Jignesh Shah is back in the news after the Enforcement Directorate raised questions about his firm renting out a farmhouse owned by Rahul and Priyanka Gandhi in 2013 — around the same time he was being probed by the UPA government. The rent agreement between Shah-promoted Financial Technologies India Limited (FTIL) and Rahul and Priyanka is dated February 1, 2013, almost 10 months after National Spot Exchange Ltd (NSEL), also promoted by FTIL, received a show-cause notice for alleged violation of norms. This is the latest controversy involving Shah, who made his fortunes in India’s financial markets only to take a hit in 2013.

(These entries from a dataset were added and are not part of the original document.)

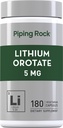 Piping Rock Litium Orotate Supplement | 5 mg | 180 Kapsler | Ikke-GMO, Glutenfri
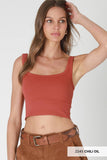 NS7801 - Chevron Ribbed Crop Top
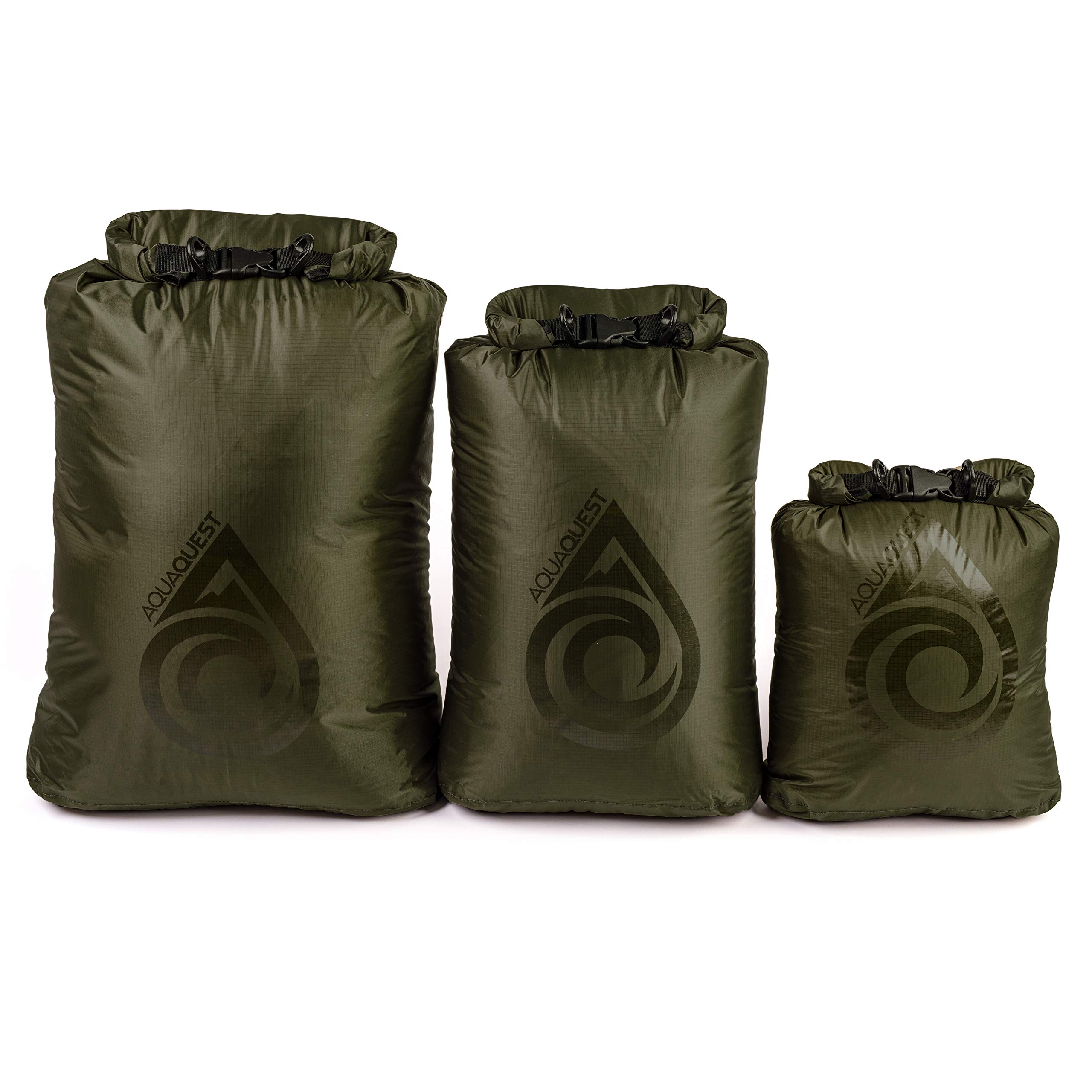 Aqua Quest Rogue Dry Bags - 100% Waterproof - 10L, 20L, 30L, 60L, 100 L or 3-Piece Set - Camo or Olive Drab …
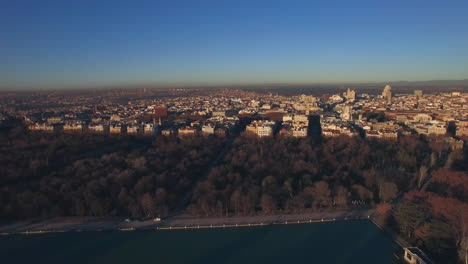 Morning-cityscape-of-Madrid-in-winter-aerial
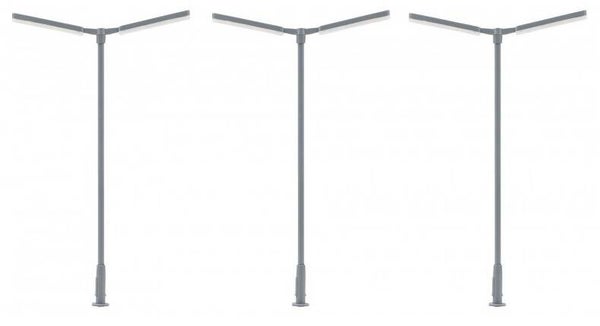Faller 180122 LED-Kreuzmastleuchte, zweiarmig, kaltweiss, 3 Stück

Shah made his name as a technology expert involved with Project BOLT in the Bombay Stock Exchange to automate it. In 1999, he and another friend, quit their jobs to set up FTIL with the objective of dominating the markets. Another friend from his BSE days, Dewang Neralla, also joined them. The dream was to capture a chunk of the expanding field of computer-based trading. An engineer from Mumbai University, Shah was the first businessman from a middle-class family based in Kandivali.
Shah obtained a Rs 8 lakh software contract from the NSE, with a loan underwritten by a Rs 5 lakh mortgage raised on his home. FTIL’s software – named ODIN – became the preferred platform for brokers, and the company in 2012 claimed 82 per cent of the brokers still used it.

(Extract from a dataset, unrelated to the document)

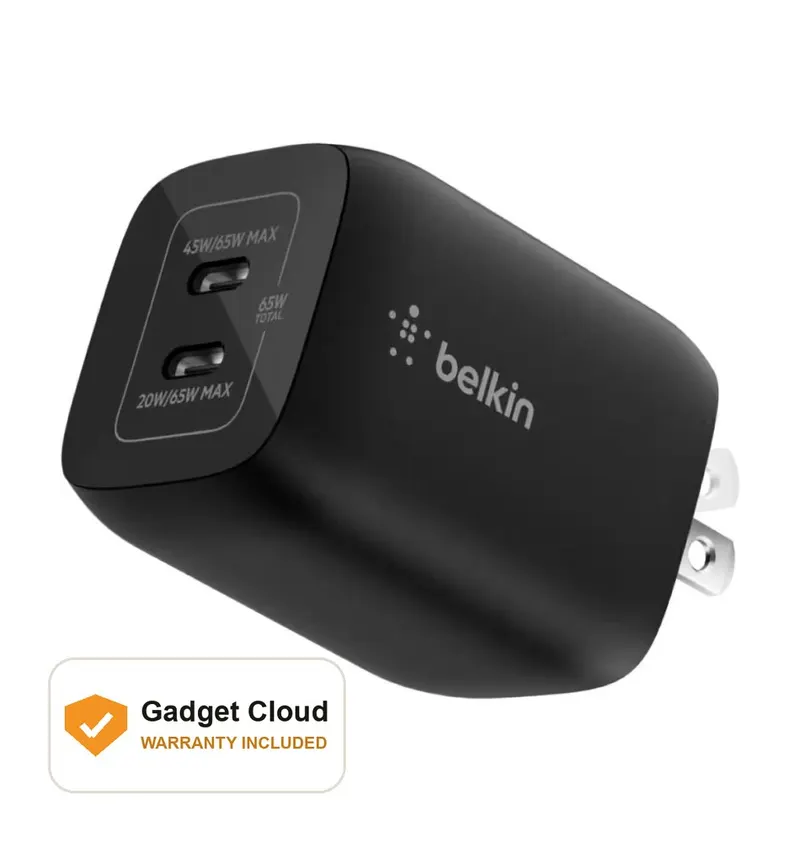 Belkin 65W Dual USB-C Wall Charger for Nintendo Switch 2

When the Ministry of Consumer Affairs and Agriculture sought expressions of interest from companies willing to set up a commodity futures markets based on the NSE model. The futures market was meant to create a mechanism for spot trade of perishable products to help the government contain inflation. Four of the 14 applications received were approved, one of them was FTIL-sponsored MCX.

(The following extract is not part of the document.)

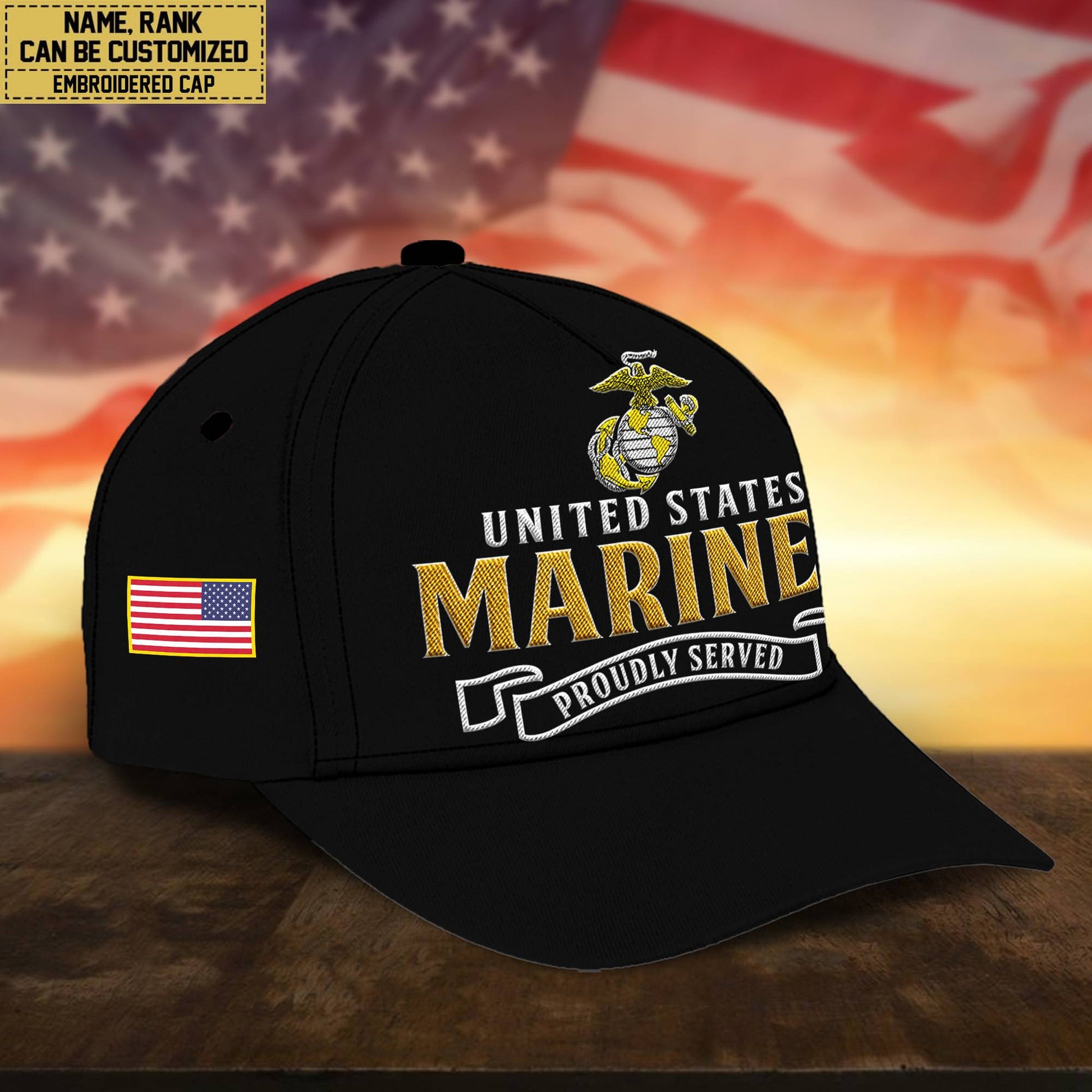 Premium Custom USMC Embroidered Cap, Hat for Marine Veteran, Gifts for Dad, for Husband VPVC300203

In 2006, spot trading was allowed in commodities in a new exchange set up by Shah — the NSEL. The exchange was set up via a government order without involving the Forward Markets Commission. In 2008, NSEL was allowed to enter forward trading on spot contracts, with the rider that all trade should be squared in 11 days.
NSEL grabbed almost all the spot exchange turnover. Since there was no regulator to inspect the markets till 2012, high net worth people could invest huge money with promised returns, and traders with no fear of having to settle their trades with corresponding physical delivery ramped up volumes. When the crisis broke in 2013, the total unsettled trade volume at the exchange was over Rs 5,600 crore.
After analysing data submitted by NSEL, the Forward Markets Commission submitted a report to the Department of Consumer Affairs that the exchange was violating the conditions under which it was granted exemptions, and requested necessary action. A show cause notice was issued in April 2012. But no action was taken for almost 15 months until July 2013, when the department asked NSEL not to issue any fresh contracts, and settle all existing contracts. NSEL discontinued all its contracts on July 30, 2013.
However, the spot exchange was not able to settle outstanding trades. This sparked investigations by regulators to find out whether the exchange defrauded traders by not enforcing rules that require sufficient collateral to be set aside.
The promoter, FTIL, blamed NSEL executives and the trading parties for the default. There are 24 members who have defaulted on the payment of Rs 5,600 crore to about 13,000 investors. In December 2013, the FMC declared FTIL and Jignesh Shah among others as “not fit and proper” to be shareholder/director in the management or board of any exchange.
Since then NSEL, FTIL, its promoters, brokers and its 24 borrowing members have since come under the scanner of multiple probe agencies.